Laminitis can be the end product or a by-product of a variety of infections. The severity of occurrence can also vary with circumstances.
When a mare foals, make very sure that the placenta is fully removed post birth. An incompletely ejected placenta can stimulate internal acid reactions and the activation of endotoxins that could kick off bouts of laminitis.
Laminitis can be the result of putting a horse through sustained strenuous work on terrain that is too harsh, especially if the horse is totally unused to such terrain.

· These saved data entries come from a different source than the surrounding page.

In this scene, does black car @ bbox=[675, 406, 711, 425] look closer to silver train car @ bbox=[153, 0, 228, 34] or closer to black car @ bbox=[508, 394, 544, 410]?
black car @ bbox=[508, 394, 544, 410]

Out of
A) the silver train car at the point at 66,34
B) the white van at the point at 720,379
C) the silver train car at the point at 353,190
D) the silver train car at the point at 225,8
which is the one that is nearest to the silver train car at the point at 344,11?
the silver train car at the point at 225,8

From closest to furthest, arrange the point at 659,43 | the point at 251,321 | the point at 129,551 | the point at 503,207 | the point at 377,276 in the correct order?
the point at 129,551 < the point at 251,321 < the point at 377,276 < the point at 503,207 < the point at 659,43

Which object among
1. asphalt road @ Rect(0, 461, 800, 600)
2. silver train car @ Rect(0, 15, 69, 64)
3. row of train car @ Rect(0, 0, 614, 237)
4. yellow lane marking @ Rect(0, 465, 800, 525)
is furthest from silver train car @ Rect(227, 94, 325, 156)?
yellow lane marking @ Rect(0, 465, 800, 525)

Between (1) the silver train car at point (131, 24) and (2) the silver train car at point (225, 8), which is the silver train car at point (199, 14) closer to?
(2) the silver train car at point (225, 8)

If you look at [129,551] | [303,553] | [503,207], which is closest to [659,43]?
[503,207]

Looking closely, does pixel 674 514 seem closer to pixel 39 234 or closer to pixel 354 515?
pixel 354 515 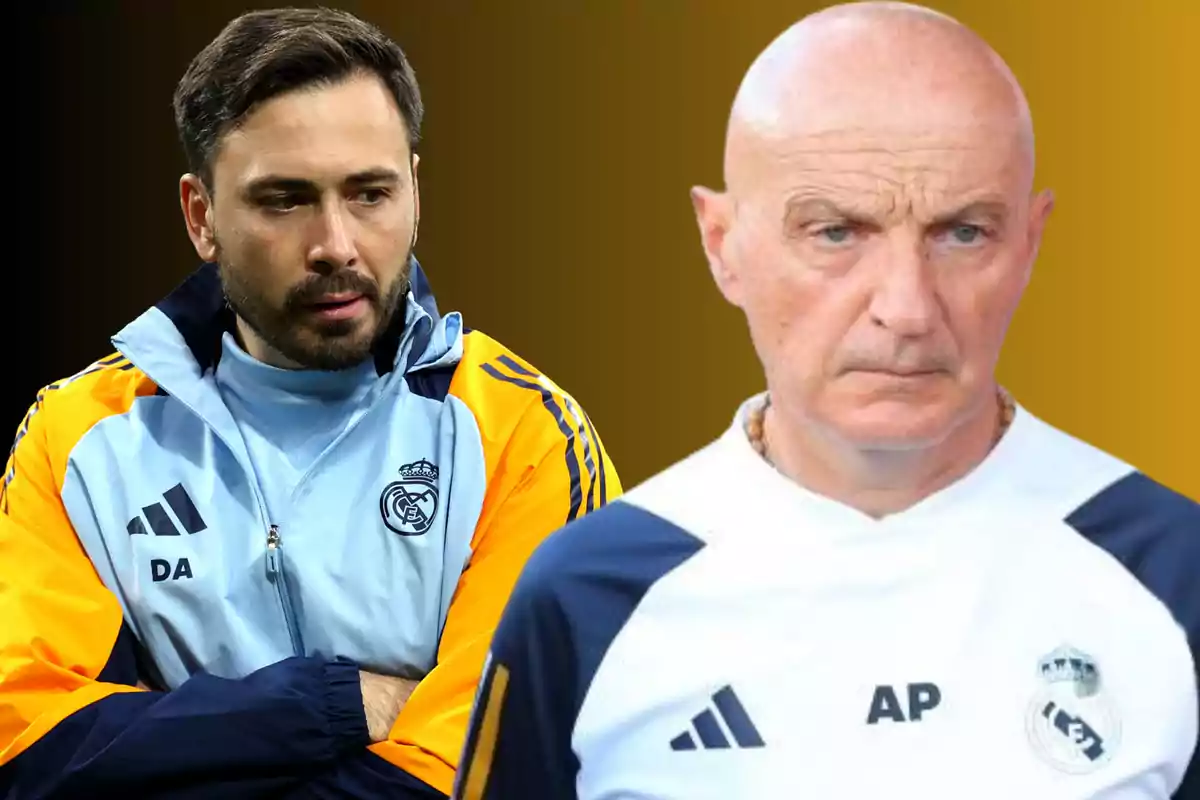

Hormonal effects are also major causes of laminitis, though the exact working of these factors has not been fully understood yet. What is known is “broodmares” seem to have a strong tendency towards retarding symptoms that accompany the initial onset of laminitis, while mares in regular cycle show symptoms in a more pronounced manner.
Viral reaction factors can arise because of abnormally high body temperatures which then lead to onset of laminitis. In such cases, symptoms of laminitis seem to manifest themselves about two or three weeks after the viral condition prevailed. This kind of situation leaves ridges, also known as “fever rings”, on the walls of the hoof. Fever rings are a kind of easily readable tale that can give the observer a reasonable idea of the history of basic health of the horse.
Horses that have received cortisone in high amounts, or in small amounts but over extended periods of time, are very susceptible to laminitis.